Offer colonoscopic surveillance to people with inflammatory bowel disease (IBD) whose symptoms started 10 years ago and who have:

  • ulcerative colitis (but not proctitis alone) or

  • Crohn's colitis involving more than one segment of colon.

1.1.2

Offer a baseline colonoscopy with chromoscopy and targeted biopsy of any abnormal areas to people with IBD who are being considered for colonoscopic surveillance to determine their risk of developing colorectal cancer (see box 1).

Box 1 Risk of developing colorectal cancer in people with IBD

Low risk:

  • extensive but quiescent ulcerative colitis or

  • extensive but quiescent Crohn's colitis or

  • left-sided ulcerative colitis (but not proctitis alone) or Crohn's colitis of a similar extent.

Intermediate risk:

  • extensive ulcerative or Crohn's colitis with mild active inflammation that has been confirmed endoscopically or histologically or

  • post-inflammatory polyps or

  • family history of colorectal cancer in a first-degree relative aged 50 years or over.

High risk:

  • extensive ulcerative or Crohn's colitis with moderate or severe active inflammation that has been confirmed endoscopically or histologically or

  • primary sclerosing cholangitis (including after liver transplant) or

  • colonic stricture in the past 5 years or

  • any grade of dysplasia in the past 5 years or

  • family history of colorectal cancer in a first-degree relative aged under 50 years.

1.1.3

Offer colonoscopic surveillance to people with IBD as defined in recommendation 1.1.1 based on their risk of developing colorectal cancer (see box 1), determined at the last complete colonoscopy:

  • Low risk: offer colonoscopy at 5 years.

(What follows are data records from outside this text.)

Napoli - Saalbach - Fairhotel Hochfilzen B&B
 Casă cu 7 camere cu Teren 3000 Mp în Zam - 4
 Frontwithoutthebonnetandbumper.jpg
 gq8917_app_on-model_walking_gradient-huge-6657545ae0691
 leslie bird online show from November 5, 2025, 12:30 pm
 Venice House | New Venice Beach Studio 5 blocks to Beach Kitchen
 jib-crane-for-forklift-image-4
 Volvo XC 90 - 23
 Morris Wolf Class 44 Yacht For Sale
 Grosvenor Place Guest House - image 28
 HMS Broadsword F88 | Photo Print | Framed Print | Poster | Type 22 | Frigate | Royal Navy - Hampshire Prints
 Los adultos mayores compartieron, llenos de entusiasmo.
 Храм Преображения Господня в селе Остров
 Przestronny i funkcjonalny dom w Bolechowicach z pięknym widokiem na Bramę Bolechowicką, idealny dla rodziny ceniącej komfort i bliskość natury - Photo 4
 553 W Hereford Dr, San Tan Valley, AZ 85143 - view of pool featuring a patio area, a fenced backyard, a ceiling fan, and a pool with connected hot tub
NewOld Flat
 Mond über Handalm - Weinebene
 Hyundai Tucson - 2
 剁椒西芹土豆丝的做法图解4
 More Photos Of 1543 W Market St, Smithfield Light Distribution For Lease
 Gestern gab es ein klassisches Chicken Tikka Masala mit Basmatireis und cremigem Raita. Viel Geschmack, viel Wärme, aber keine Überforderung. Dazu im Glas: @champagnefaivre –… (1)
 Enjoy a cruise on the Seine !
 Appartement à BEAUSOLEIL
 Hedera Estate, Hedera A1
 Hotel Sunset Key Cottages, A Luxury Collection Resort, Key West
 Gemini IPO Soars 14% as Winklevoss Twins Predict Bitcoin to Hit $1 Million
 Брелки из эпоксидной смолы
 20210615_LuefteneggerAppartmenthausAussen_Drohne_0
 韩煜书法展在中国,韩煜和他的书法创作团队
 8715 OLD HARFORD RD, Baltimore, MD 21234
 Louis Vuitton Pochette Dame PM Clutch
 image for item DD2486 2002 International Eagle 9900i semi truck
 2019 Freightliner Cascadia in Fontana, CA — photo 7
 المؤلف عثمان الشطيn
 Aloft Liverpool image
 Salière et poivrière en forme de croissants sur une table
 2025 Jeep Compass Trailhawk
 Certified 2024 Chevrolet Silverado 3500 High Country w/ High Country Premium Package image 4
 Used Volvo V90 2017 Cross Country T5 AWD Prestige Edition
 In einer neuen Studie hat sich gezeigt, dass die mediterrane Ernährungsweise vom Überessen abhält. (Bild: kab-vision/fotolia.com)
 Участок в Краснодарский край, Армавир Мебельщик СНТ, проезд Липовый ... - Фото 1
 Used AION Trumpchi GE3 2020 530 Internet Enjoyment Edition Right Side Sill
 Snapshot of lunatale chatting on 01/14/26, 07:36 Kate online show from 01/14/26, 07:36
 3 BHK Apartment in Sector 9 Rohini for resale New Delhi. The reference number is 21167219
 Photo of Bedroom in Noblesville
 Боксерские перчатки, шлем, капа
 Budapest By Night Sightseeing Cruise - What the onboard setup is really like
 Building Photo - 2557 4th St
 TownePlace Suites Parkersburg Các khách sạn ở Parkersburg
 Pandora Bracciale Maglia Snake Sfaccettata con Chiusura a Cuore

  • Intermediate risk: offer colonoscopy at 3 years.

  • High risk: offer colonoscopy at 1 year.

1.1.4

For people with IBD who have been offered colonoscopic surveillance, continue to use colonoscopy with chromoscopy as the method of surveillance.

1.1.5

Offer a repeat colonoscopy with chromoscopy if any colonoscopy is incomplete. Consider whether a more experienced colonoscopist is needed.

People with adenomas

1.1.7

Recommendation deleted.

1.1.8

Recommendation deleted.

1.1.9

Recommendation deleted.

1.1.10

Recommendation deleted.

1.1.11

Recommendation deleted.

1.1.12

Recommendation deleted.

1.1.13

Recommendation deleted.

Providing information and support

1.1.14

Discuss the potential benefits, limitations and risks with people who are considering colonoscopic surveillance including:

  • early detection and prevention of colorectal cancer and

  • quality of life and psychological outcomes.

1.1.15

Inform people who have been offered colonoscopy, CTC, or barium enema about the procedure, including:

  • bowel preparation

  • impact on everyday activities

  • sedation

  • potential discomfort

  • risk of perforation and bleeding.

1.1.16

After receiving the results of each surveillance test, discuss the potential benefits, limitations and risks of ongoing surveillance. Base a decision to stop surveillance on potential benefits for the person, their preferences and any comorbidities. Make the decision jointly with the person, and if appropriate, their family or carers.

1.1.17

If there are any findings at surveillance that need treatment or referral, discuss the options with the person, and if appropriate, their family or carers.

1.1.18

Throughout the surveillance programme, give the person and their family or carers the opportunity to discuss any issues with a healthcare professional. Information should be provided in a variety of formats tailored to the person's needs and should include illustrations.